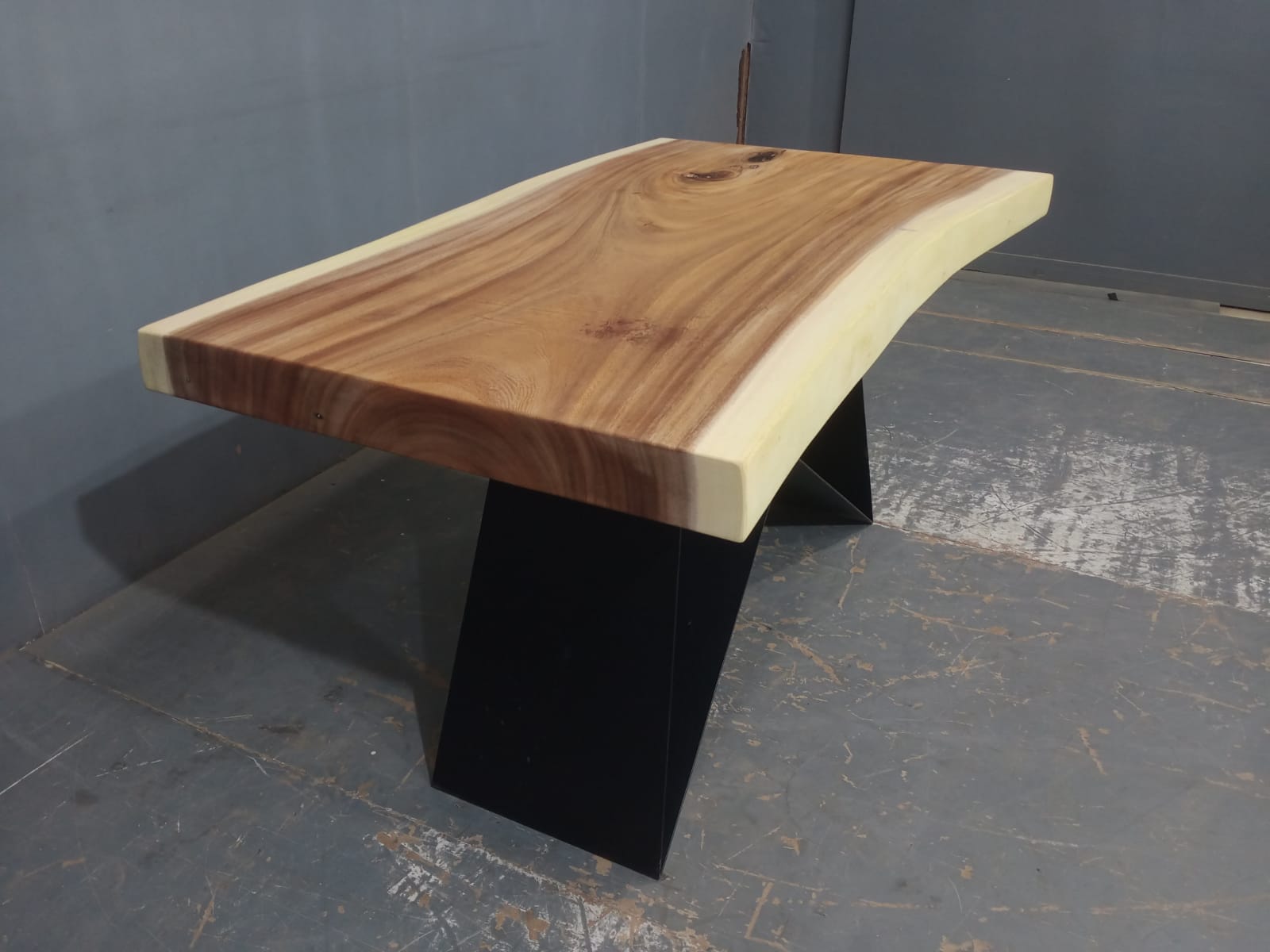 Live Edge Tables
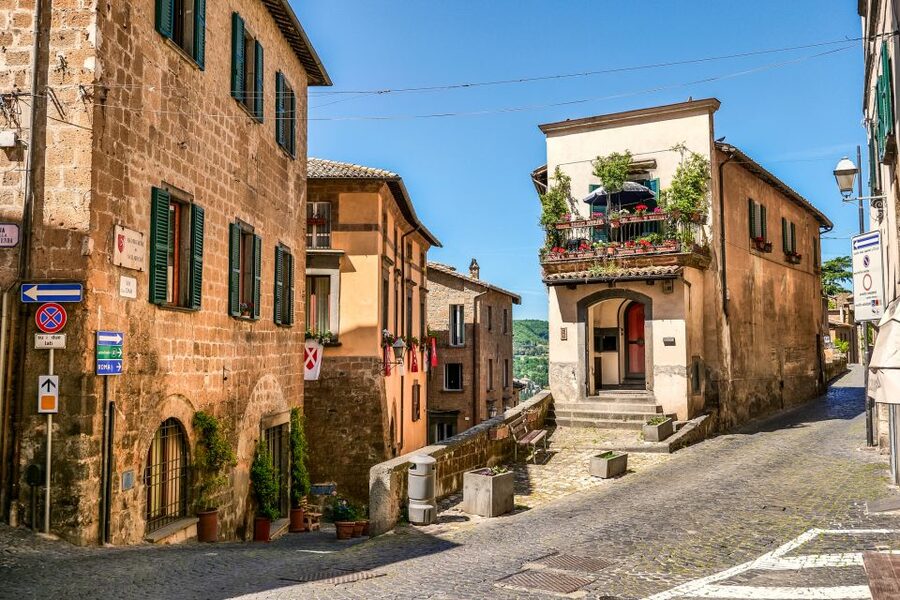 Transfer Between Florence and Rome with Sightseeing Stop - Key highlights worth aiming for
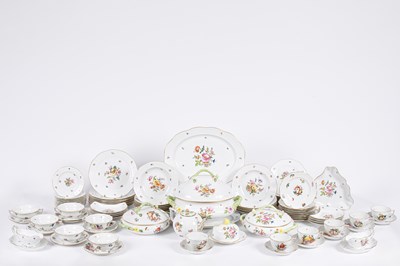 Lot 500 - A Herend 'Bouquet de Herend' pattern part dinner service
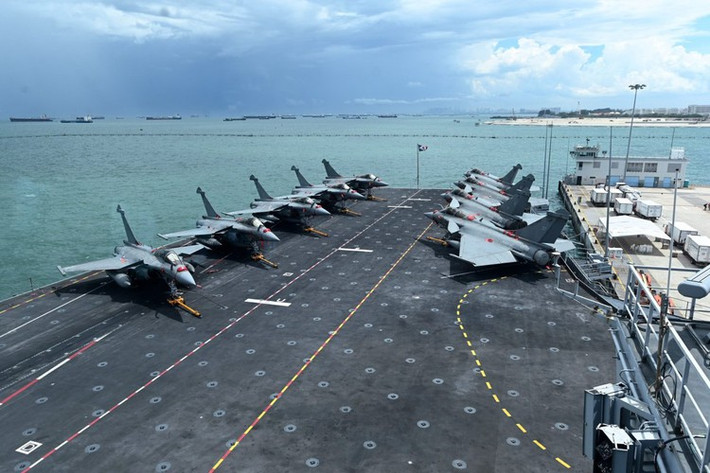 Chiếc Charles de Gaulle có thiết kế khí động học tương tự tàu sân bay lớp Nimitz nhưng ngắn hơn và lượng giãn nước thấp hơn với chiều dài 261,5 m; chiều rộng 64,36 m; mớn nước 9,34 m; lượng giãn nước đầy tải 42.000 tấn.
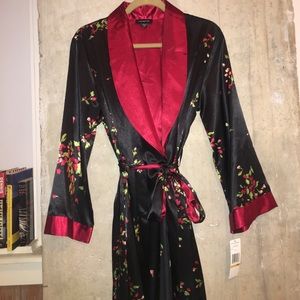 NWT Jones New York robe
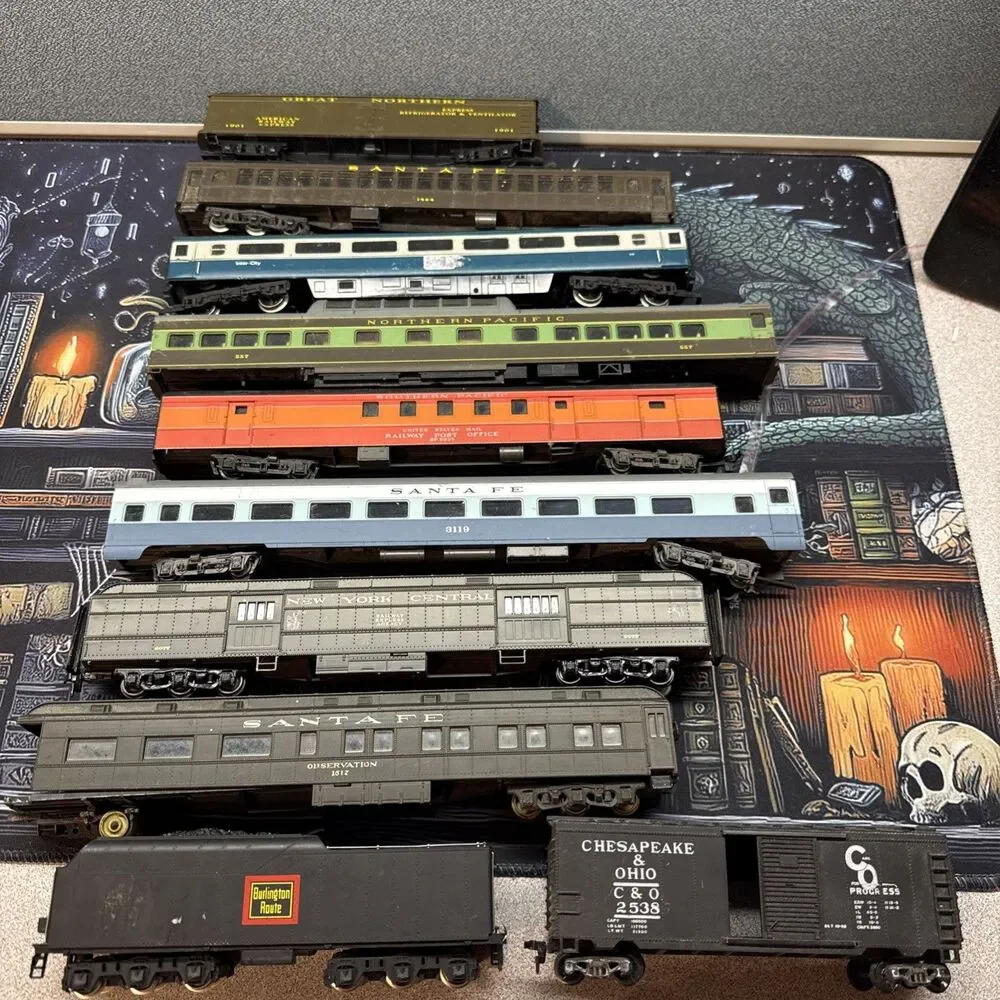 Lot Of 10 Mixed Ho Scale Passenger Cars And Freight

☆ ☆ ☆

» Task instructions: All of the material above is to be retyped verbatim, with its pictures omitted.

» Expected answer:
 Live Edge Tables
 Transfer Between Florence and Rome with Sightseeing Stop - Key highlights worth aiming for
 Lot 500 - A Herend 'Bouquet de Herend' pattern part dinner service
 Chiếc Charles de Gaulle có thiết kế khí động học tương tự tàu sân bay lớp Nimitz nhưng ngắn hơn và lượng giãn nước thấp hơn với chiều dài 261,5 m; chiều rộng 64,36 m; mớn nước 9,34 m; lượng giãn nước đầy tải 42.000 tấn.
 NWT Jones New York robe
 Lot Of 10 Mixed Ho Scale Passenger Cars And Freight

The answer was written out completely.